_Information provided_
○ ○ ○ ○

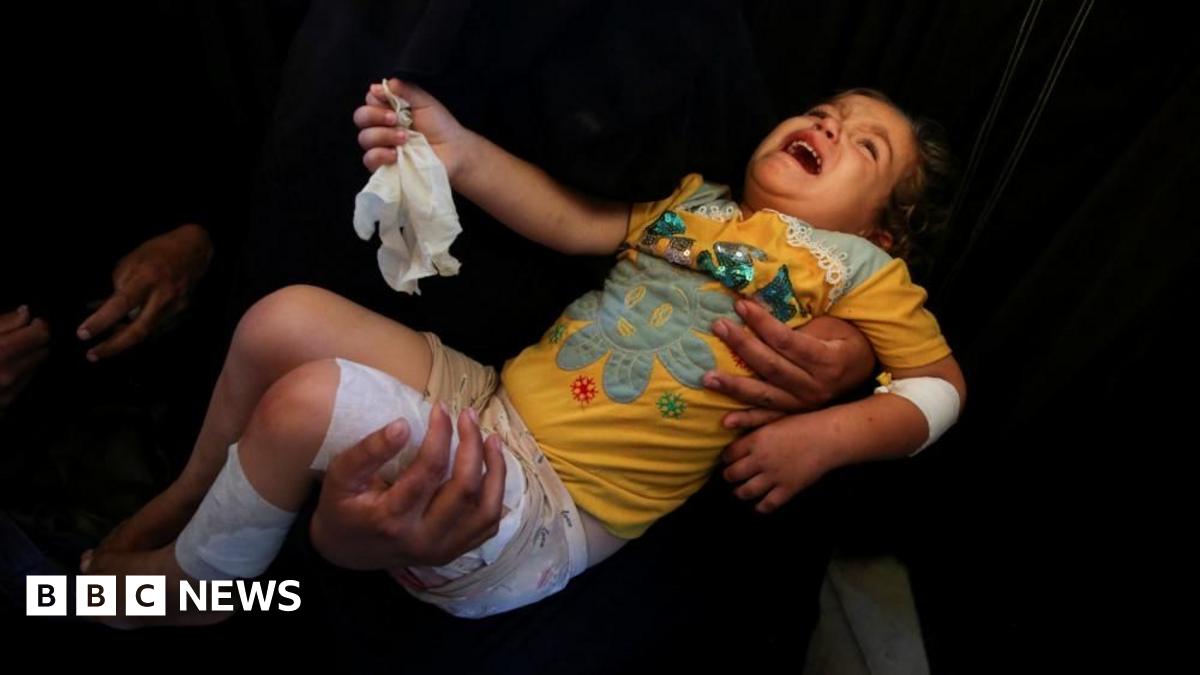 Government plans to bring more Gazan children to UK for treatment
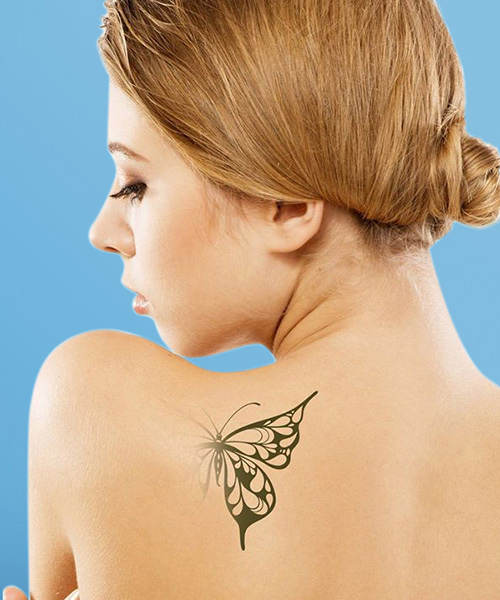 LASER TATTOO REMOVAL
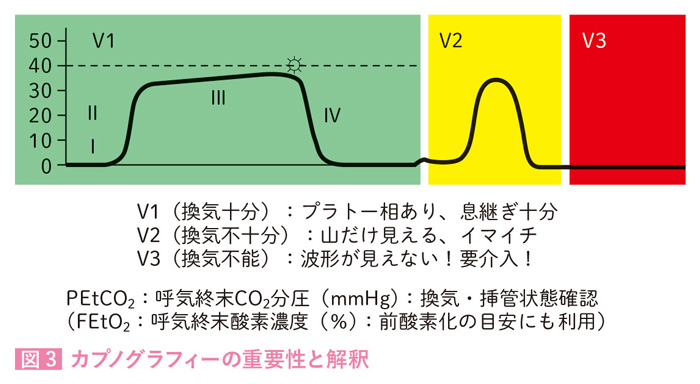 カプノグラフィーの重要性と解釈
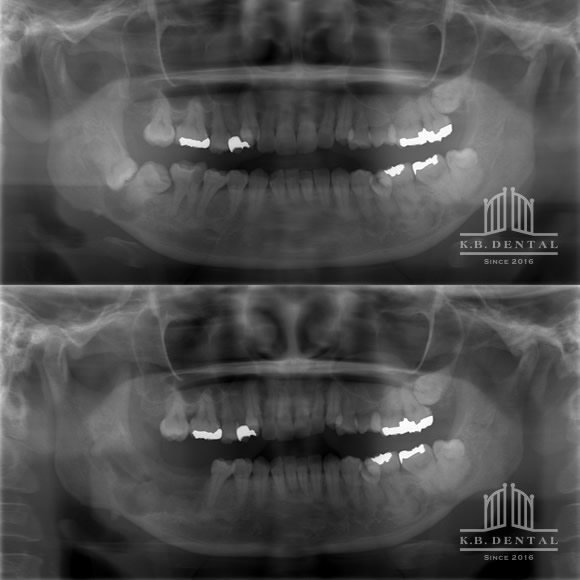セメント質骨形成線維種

○ ○ ○ ○

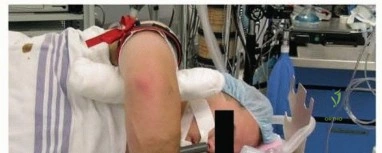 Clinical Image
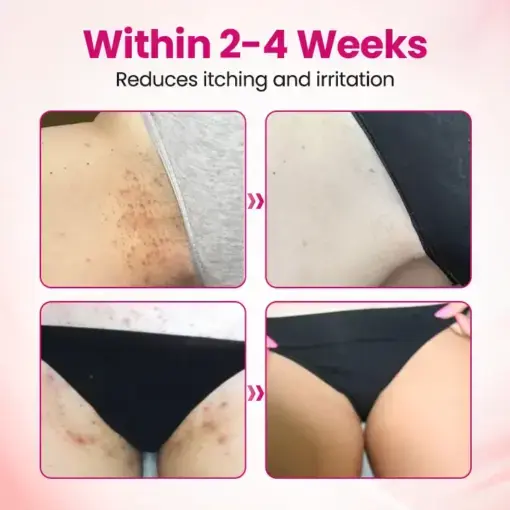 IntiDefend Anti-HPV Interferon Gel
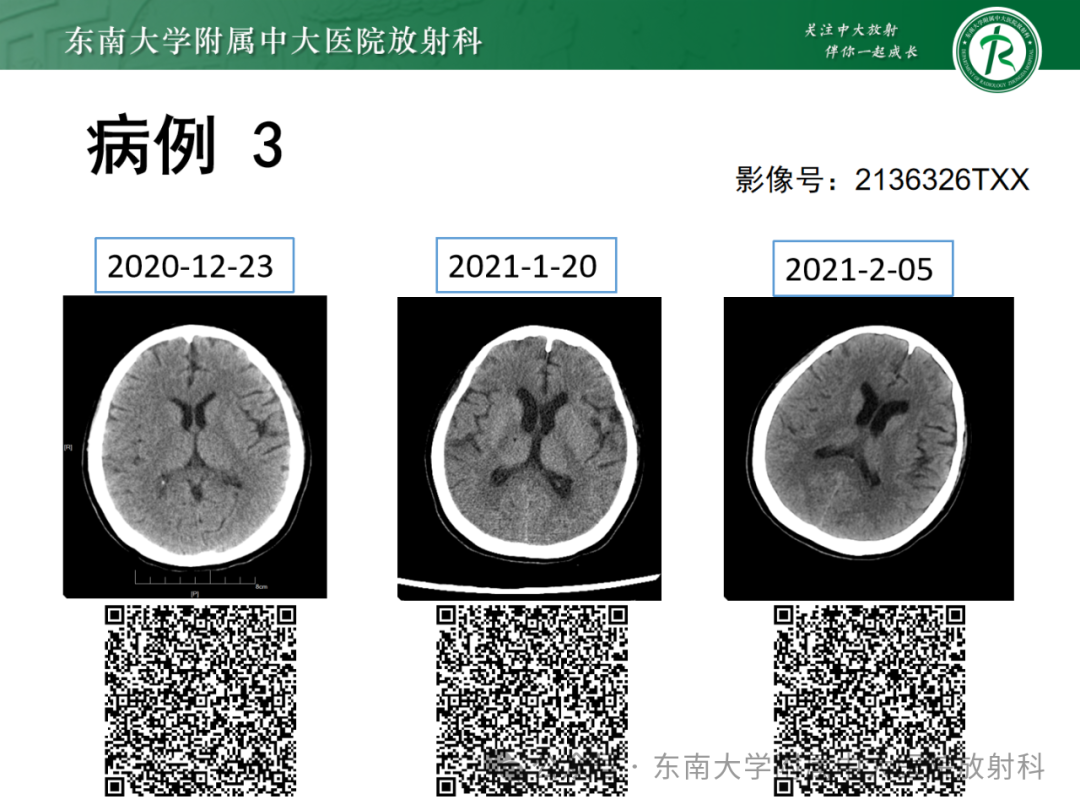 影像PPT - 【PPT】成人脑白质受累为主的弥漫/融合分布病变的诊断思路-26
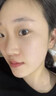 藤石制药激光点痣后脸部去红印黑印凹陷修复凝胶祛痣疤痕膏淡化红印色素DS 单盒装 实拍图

○ ○ ○ ○

_What you need to do_
In the entries above, every line from the line with "IntiDefend Anti-HPV Interferon Gel" to the line with "藤石制药激光点痣后脸部去红印黑印凹陷修复凝胶祛痣疤痕膏淡化红印色素DS 单盒装 实拍图" is to be printed exactly, with both ends included and pictures excluded.

_Response_
 IntiDefend Anti-HPV Interferon Gel
 影像PPT - 【PPT】成人脑白质受累为主的弥漫/融合分布病变的诊断思路-26
 藤石制药激光点痣后脸部去红印黑印凹陷修复凝胶祛痣疤痕膏淡化红印色素DS 单盒装 实拍图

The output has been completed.